(What to do) Retype each line of the material below word for word; pictures stay out.
(Beginning of Supplied data)
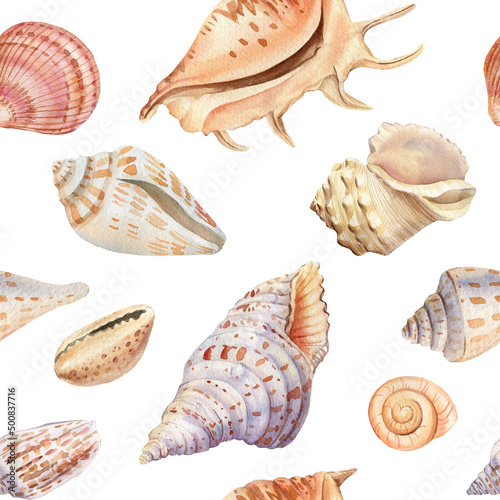 Seamless pattern with shells. Hand drawn watercolor underwater life 
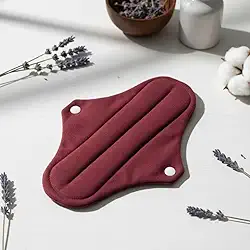 Absorvente Menstrual de Pano Lavável e Reutilizável, Tamanhos para Fluxo Mini, Normal e Intenso (Normal)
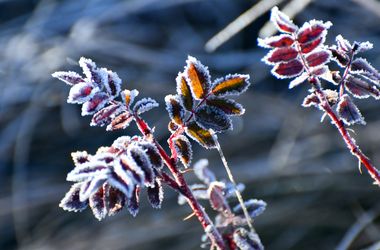 Hajnalban a Nyírségben fagyott, -3 fokot mértek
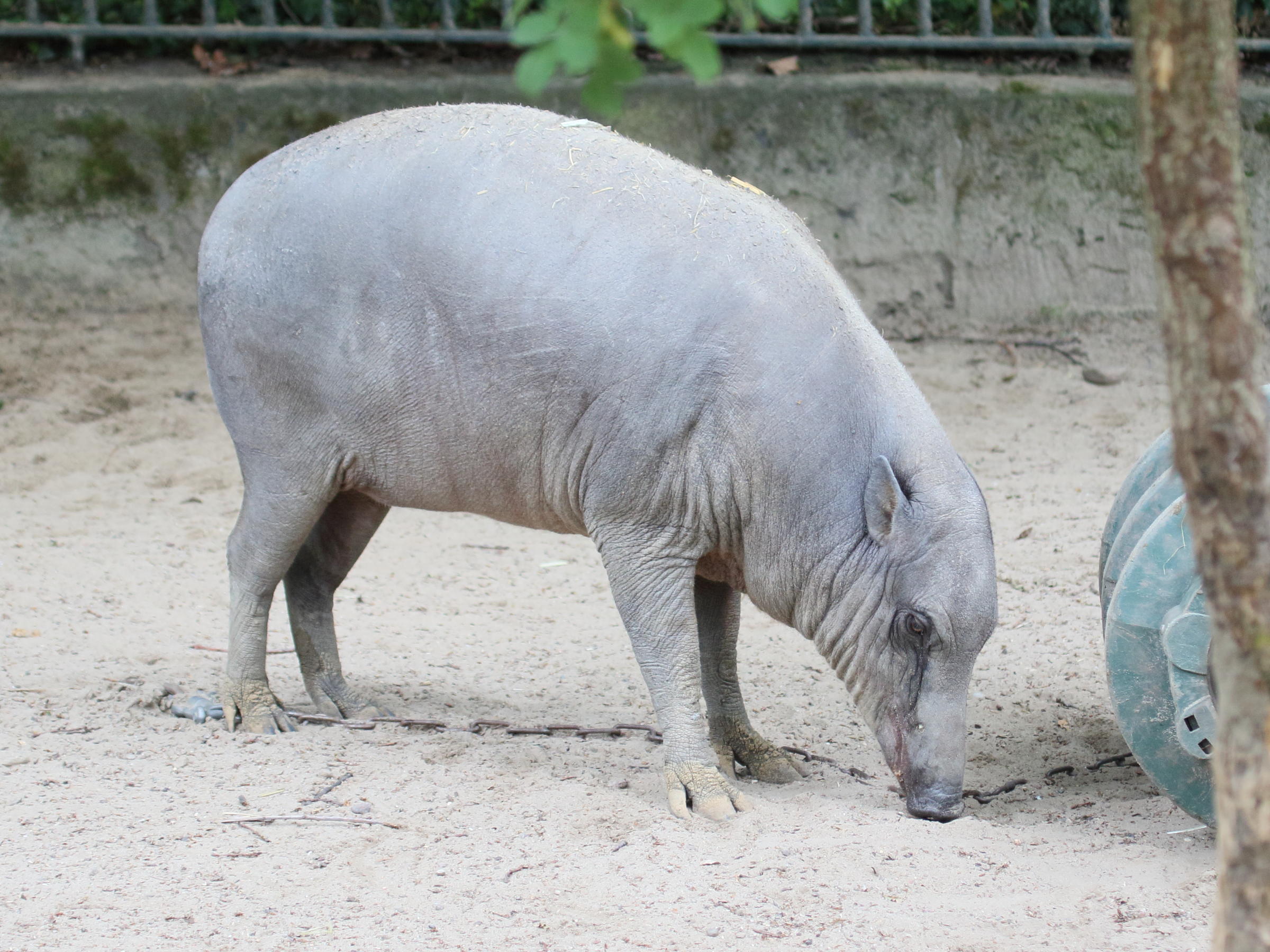 babyrousa_babyrussa1bd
(End of Supplied data)
(Answer to this task)
 Seamless pattern with shells. Hand drawn watercolor underwater life 
 Absorvente Menstrual de Pano Lavável e Reutilizável, Tamanhos para Fluxo Mini, Normal e Intenso (Normal)
 Hajnalban a Nyírségben fagyott, -3 fokot mértek
 babyrousa_babyrussa1bd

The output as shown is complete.